Data governance is important because it brings meaning to an organization’s data. It adds trust and understanding to an organization’s data through stewardship and a robust business glossary, thus accelerating digital transformation across the enterprise.
Why is data governance important?
Data governance is about managing data and processes so data can be used as a consistent, secure and organized asset that meets policies and standards. Effective, enterprise-grade data governance does the following:
- Breaks down departmental silos
- Determines policies
- Supports the data stewardship process
- Shows how data is organized
- Aligns terms across the organization
- Connects technical databases and those terms.
Data governance is important because it goes beyond data management or master data management; it allows data citizens to access the right information and extract value from the data.
What are the benefits of data governance?
Effective data governance brings value to all team members across the organization. Data governance can address a number of use cases, but data governance brings value to these conditions in similar ways.
Data governance creates a shared language
Data governance allows teammates across departments to define business terminology, KPIs, rules, policies and more so everyone in the organization speaks the same language. By creating this shared language, organizations build a common understanding and leverage the same, consistent and trusted information.
Data governance brings people together to collaborate
Data governance provides a framework for collaboration through a shared language; teammates within and across departments can communicate using the same terminology and analyze the same data. Additionally, clarifying roles and responsibilities eliminates confusion and makes data processes and collaboration easy to follow.
Data governance makes data meaningful
Data governance brings context to an organization’s data.It enables teams to organize, document and evaluate the quality of available information assets. By defining terminologies, establishing controls, identifying responsibilities, and more, data governance makes sure all teammates have the context they need to trust data, access data, and develop valuable insights.
Creating a data governance plan
Now that you understand the importance of data governance, you need to understand how to put data governance into practice. As you begin to develop your data governance strategy, you should consider the following steps:
1. Acknowledge the disconnect between IT and the business.
Although IT supports your data needs as custodians, the business knows its data the best and is able to explain how supply chain, P&L results, and other business reports drive real business results.
In many cases, your IT organization should help the business by empowering end users to use technology platforms and enable self-service, rather than creating or managing data assets, terms, spreadsheets, and reports for departments. The amount of data a successful organization leverages on a daily basis should be exponentially beyond the capabilities of employees that support your IT tools.
When the lines of business are able to create and define their own terms and data flows in a system of record, they will be able to better realize their efficiencies (or inefficiencies) and solve their own business problems faster.
2. Articulate the value of data governance to business users
If your business users continue to see data governance as an IT issue, clarify the value that high quality and accessible data can bring to all units of the business. Estimate and communicate the ROI of a data governance program so the benefits feel more real to them. Consider sharing how there are varying advantages for different teams:
- Sales and marketing – Increase sales by using higher quality data to create more targeted campaigns
- Procurement – Reduce costs by using governed data to optimize purchasing processes and supply chain
- Legal and compliance – Avoid non-compliance, breaches, and fines by establishing ownership and policies around data.
- Finance – Improve reporting with better governed and easily accessible data.

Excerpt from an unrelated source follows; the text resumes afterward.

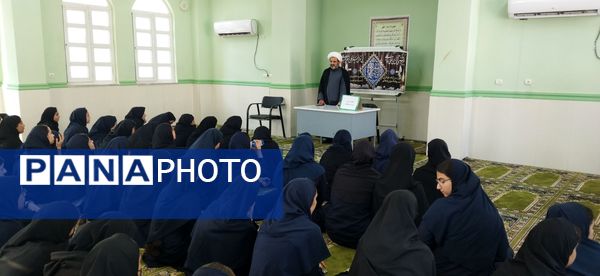 گرامیداشت ایام فاطمیه در مدارس پارسیان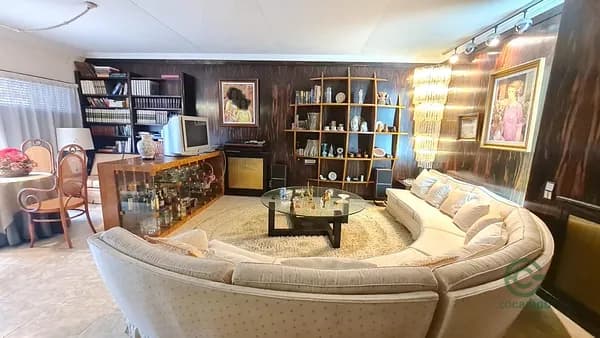 Casa de 0,045 ha en venta en Elda, Alicante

3. Implement technology strategically
The reality is there are many great technologies that leverage new capabilities to discover data and tag terms to accelerate the heavy lifting of data recognition. However, at the end of the day, the bottom-up approach must be verified by the respective business owners and stewards. In many cases, unique business processes often become exceptions – requiring human interactions anyway. A growing company that wants to accelerate its profits and reduce its risks will often outsmart the structured environments that automation often relies on.
- Can any technology accurately detect dynamic changes in business workflows between business units, legal, privacy, compliance, HR, vendors, or suppliers?
- How is the flow of information recorded by your organization today to make intelligent decisions on how information should flow tomorrow?
People are at the center of these business-driven decisions, and technology should be leveraged to assist in recording human processes, not solely depended upon for innovation or decision making.
Keep pace with change
Remember that data governance is not just a one-off project or program. Data needs to be dynamic. Data practices need to evolve as the company and market landscape evolve. Consistently check on the changing needs of business users. Invest in technology that automates data processes. Stay abreast of industry trends and ultimately remember the importance of data governance to accelerate digital transformation.